There is no simple answer. Something evil clicked in Smith's mind to push him across the line from racist thought to violent action. Perhaps it was the recent decision by Illinois authorities to deny a license to practice law to Matthew Hale, leader of the World Church of the Creator, a hate group that Smith followed. The state bar rightly ruled that Hale's virulent beliefs were a "gross defect in moral character."
By the time Smith, 21, took his own life late Sunday, two people were dead and at least nine had been wounded--blacks, Orthodox Jews, Asians. This was the most recent hate-motivated crime in a horrifying series--the dragging death of a black man in Texas, the slaying of a young gay man in Wyoming, the Colorado shootings in April and the firebombing of three synagogues in Sacramento last month.
Clearly Smith was disturbed, a young man who felt himself an outcast, much like the two youths who went on the murderous rampage at Columbine High School.

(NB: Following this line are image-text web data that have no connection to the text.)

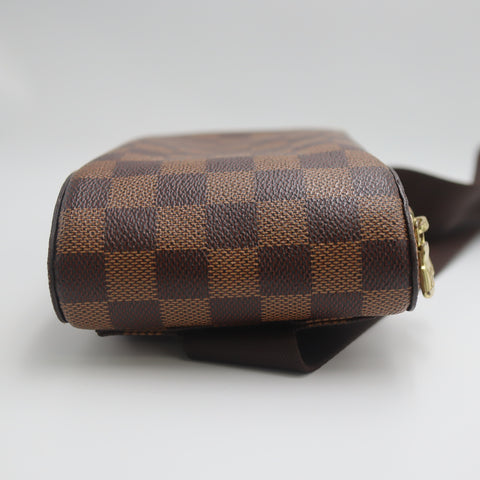 Pre-Owned #71439 Louis Vuitton Damier Ebene Geronimos Crossbody Bag N51994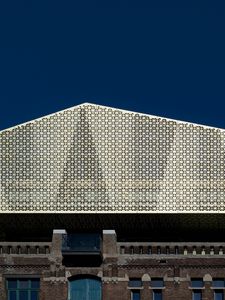 Preview wallpaper architecture, building, facade, pattern, minimalism, city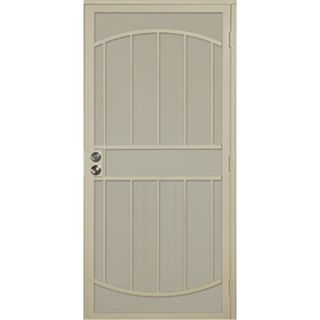 Gatehouse Gibraltar Almond Steel Security Door (Common 36 in x 81 in; Actual 39 in x 81 in)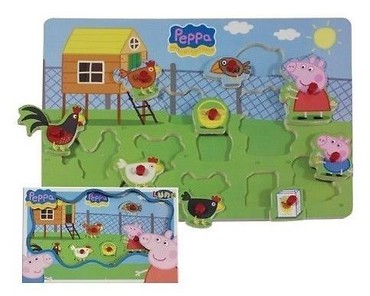 Puzzle Kurnik Świnka Peppa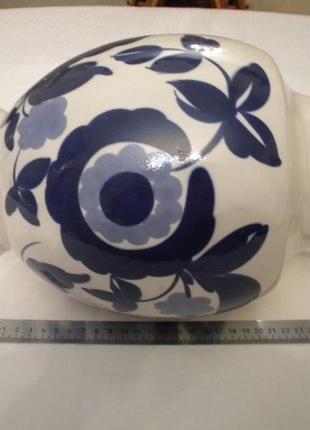 Ваза ссср славянск ручная подглазурная роспись кобальтом №500я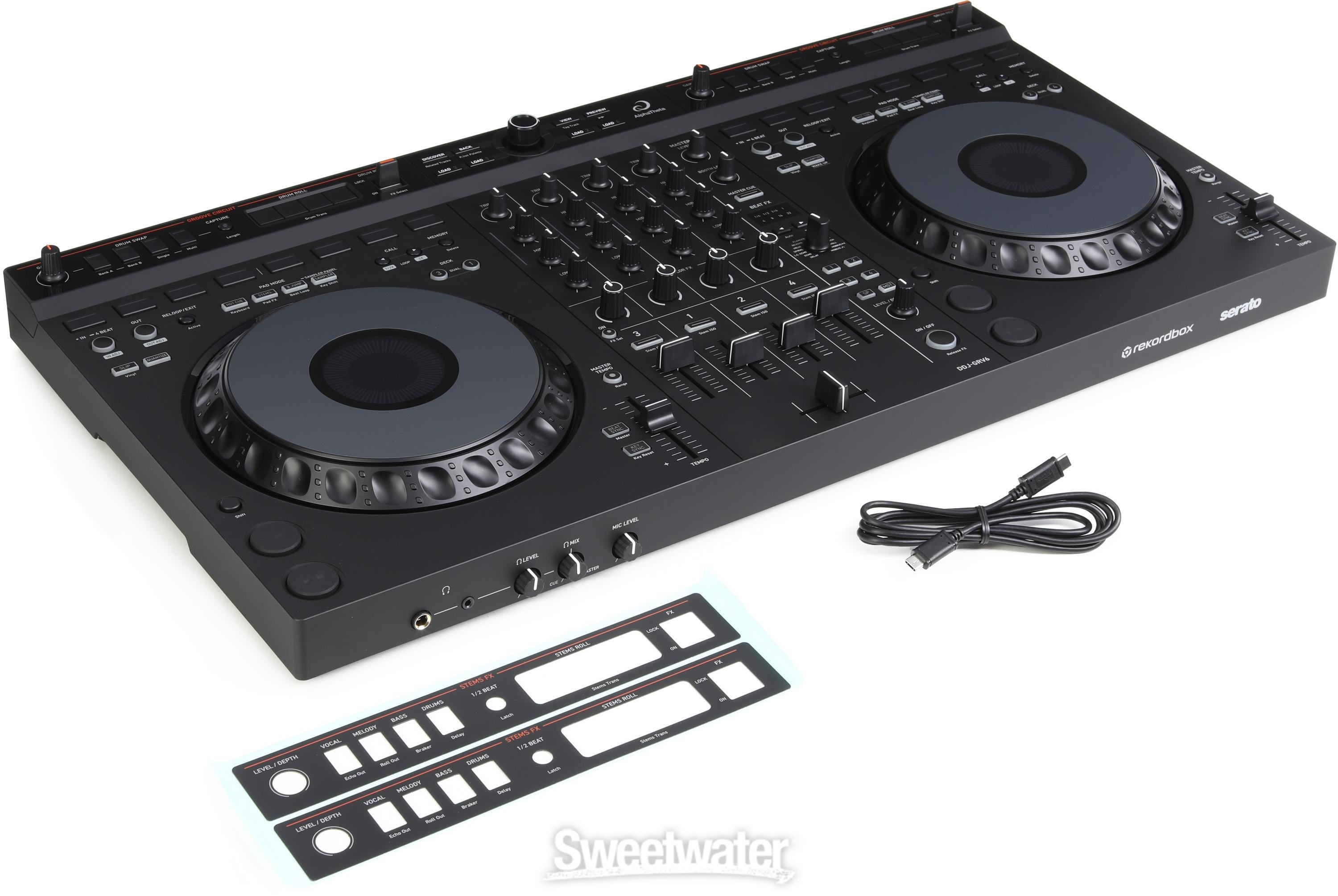AlphaTheta DDJ-GRV6 4-channel DJ Controller with Groove Circuit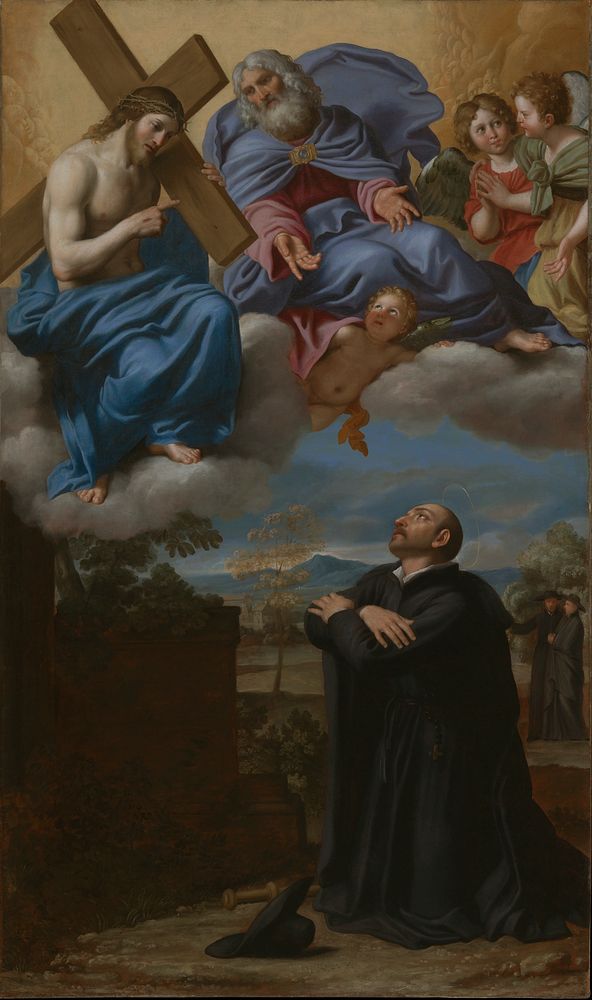 Saint Ignatius of Loyola's Vision of Christ and God the Father at La Storta by Domenichino Zampieri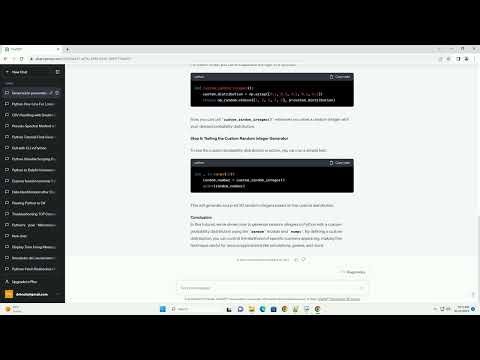 Python Generate Random Number With Probability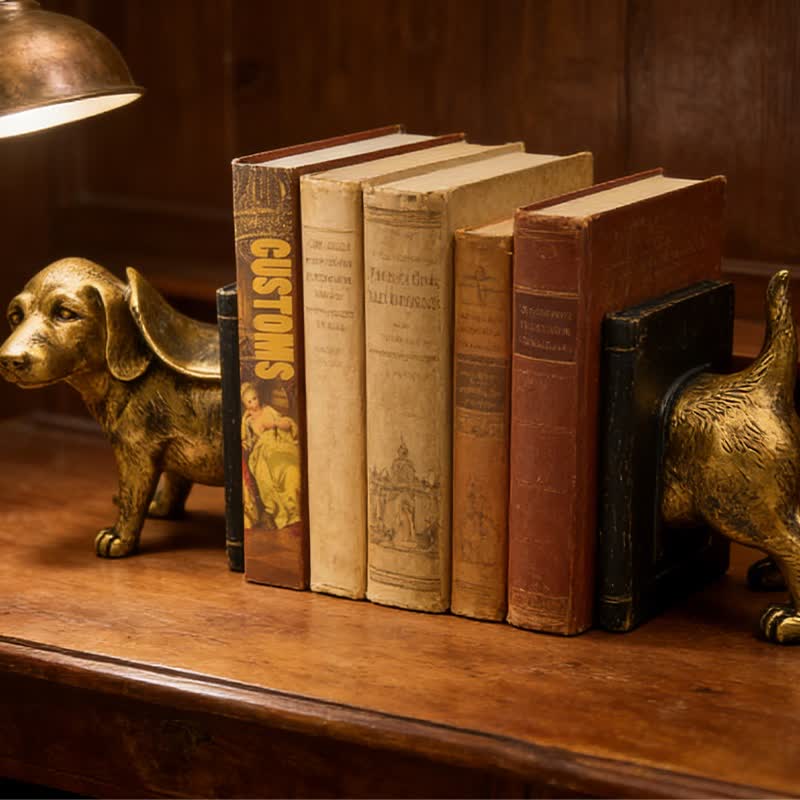 Ownkoti Resin Decorative Dog Figurine Bookend - image 1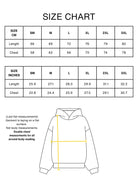 Size Chart Hoodie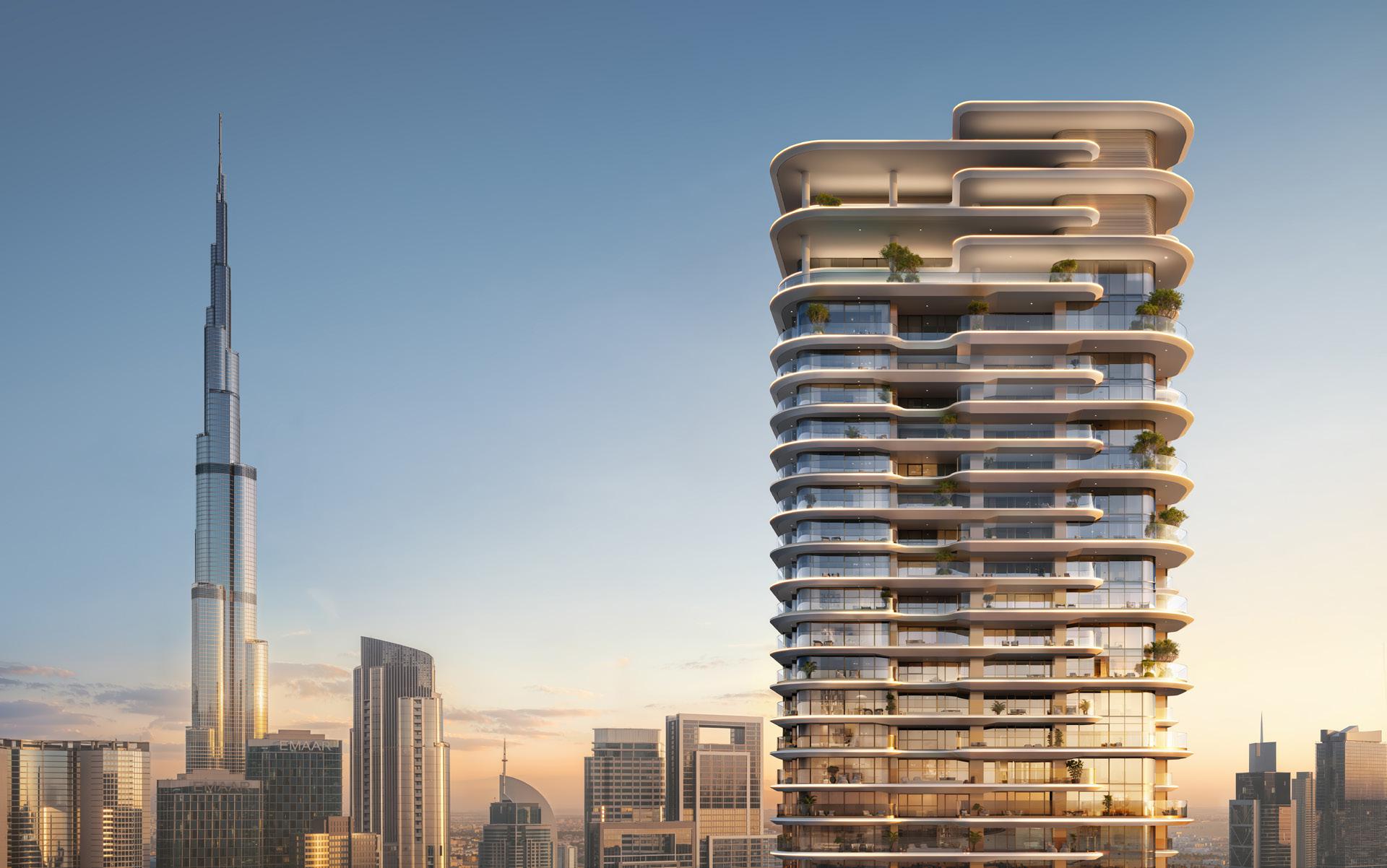 Avarra by Palace – branded 1 to 4 bedroom apartments by Emaar with Burj Khalifa views in Business Bay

The law properly if painfully protected Smith's freedom to air his views so long as they did not constitute a specific threat of violence--though certainly law enforcement should continue to monitor hate groups like Hale's "church" for threats or warnings of violence. And Hale should face the repulsion of society. But it's not likely that any new law could be crafted that would curb a violent outburst like Smith's.
In fact, Smith had been rejected when he tried to buy firearms from a licensed dealer, stymied by a protective order brought against him after he beat a former girlfriend. But he subsequently bought two guns from an illegal street dealer.
Some claim we are becoming a more prejudiced society, but there is no evidence of that. Nevertheless the increase in reports of hate-related violence is cause for serious concern. Americans must respond to all forms of hatred with the united force of public opinion. The perpetrators of violence must be caught and prosecuted to the fullest extent of the law. And the weight of justice should bear on those who provide the weapons used by hate-filled people to carry out crimes.